__Task details__
The required output holds only the lines from the one containing "Location: PHILADELPHIA" through the end of the material below, copied exactly, please, with no pictures.

__Exercise data__
_ _ _ _

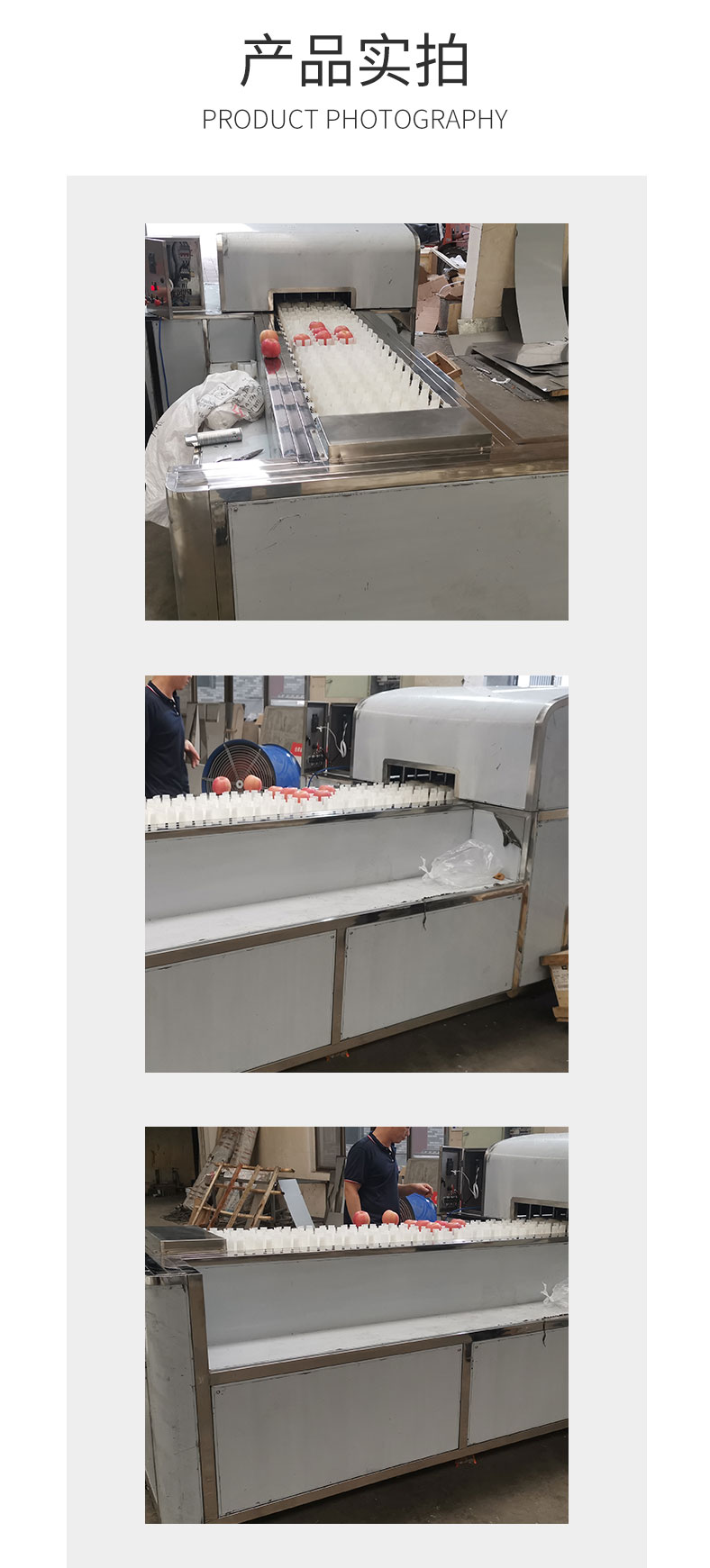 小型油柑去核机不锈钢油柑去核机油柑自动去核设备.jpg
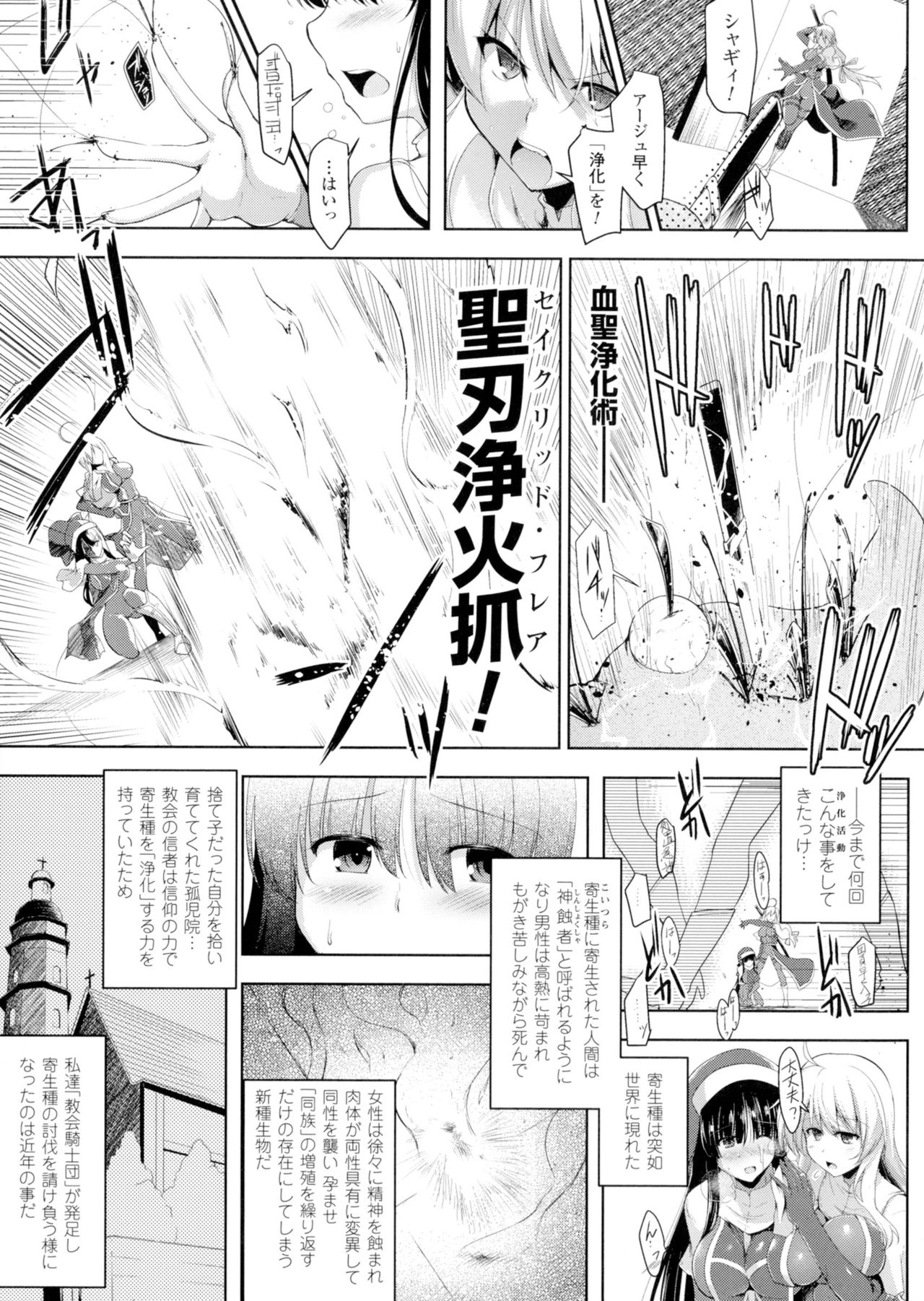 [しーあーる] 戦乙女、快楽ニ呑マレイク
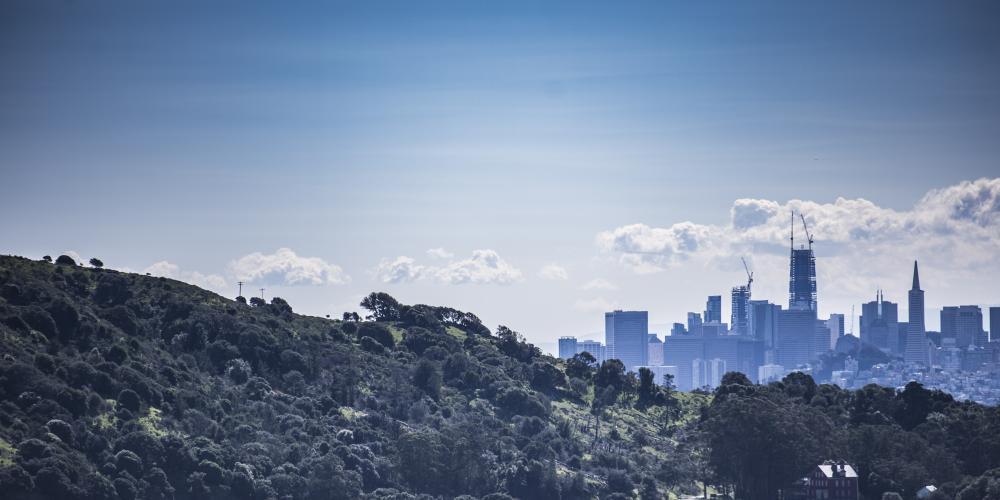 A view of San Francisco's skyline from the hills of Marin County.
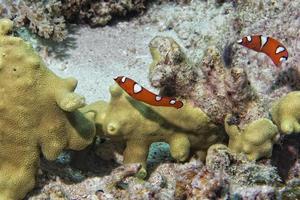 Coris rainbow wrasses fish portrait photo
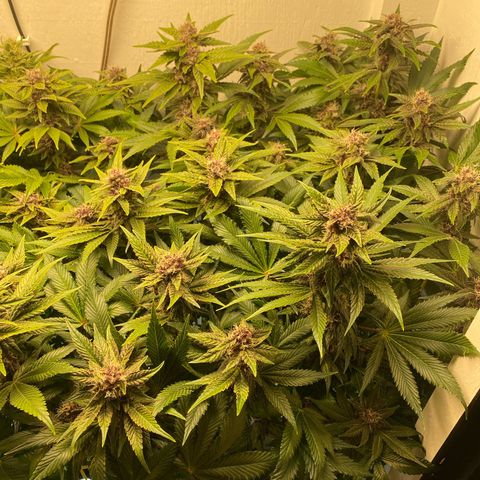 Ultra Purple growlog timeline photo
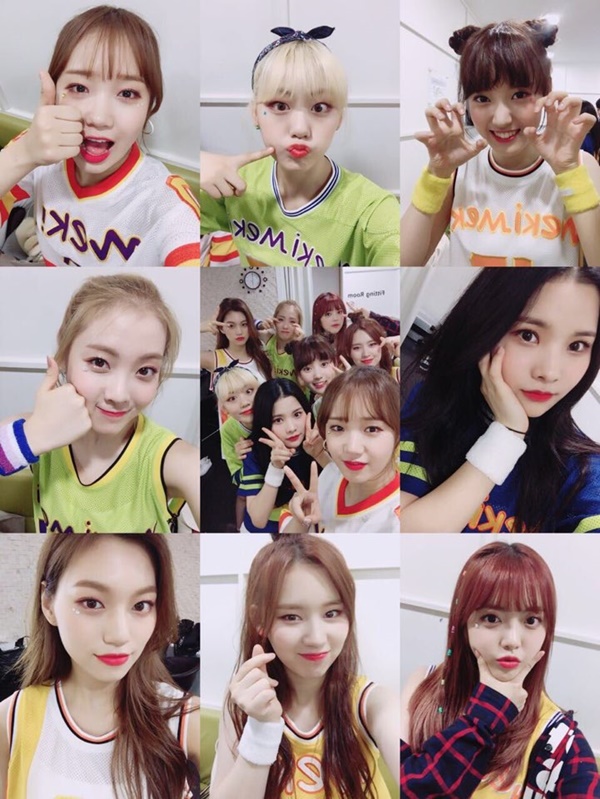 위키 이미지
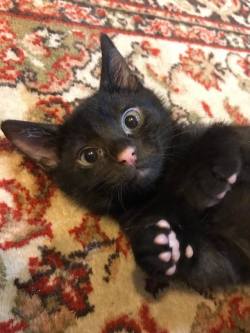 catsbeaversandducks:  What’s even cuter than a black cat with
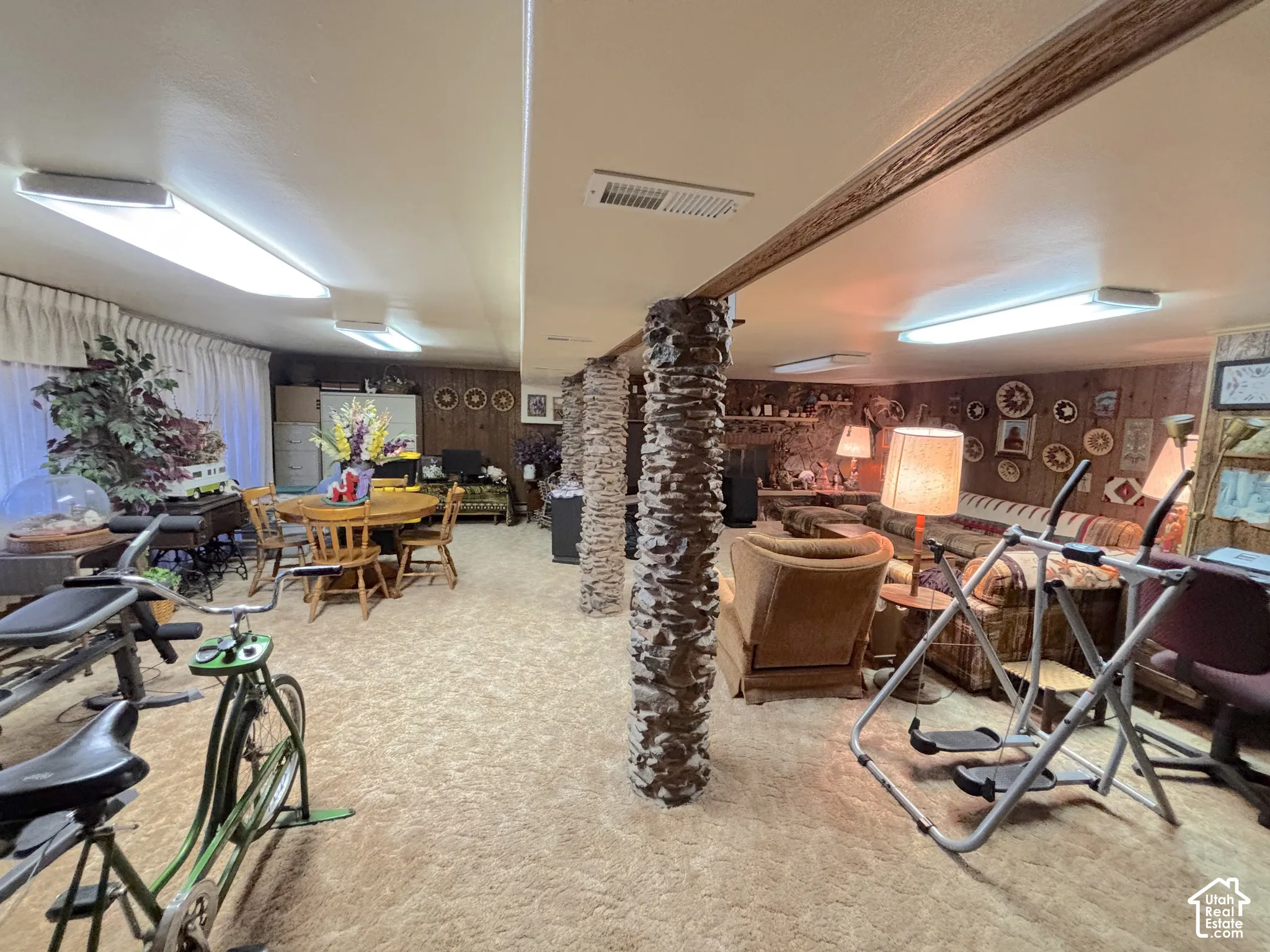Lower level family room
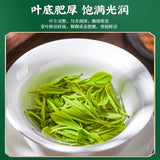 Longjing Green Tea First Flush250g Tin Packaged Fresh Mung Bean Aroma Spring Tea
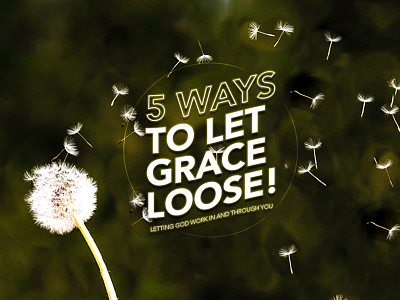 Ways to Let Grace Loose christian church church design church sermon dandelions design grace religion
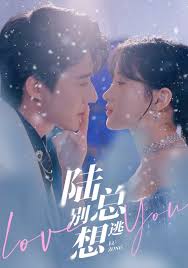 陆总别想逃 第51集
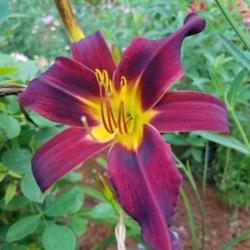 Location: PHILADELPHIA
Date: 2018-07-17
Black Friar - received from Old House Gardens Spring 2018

_ _ _ _

__Answer to this problem__
 Location: PHILADELPHIA
Date: 2018-07-17
Black Friar - received from Old House Gardens Spring 2018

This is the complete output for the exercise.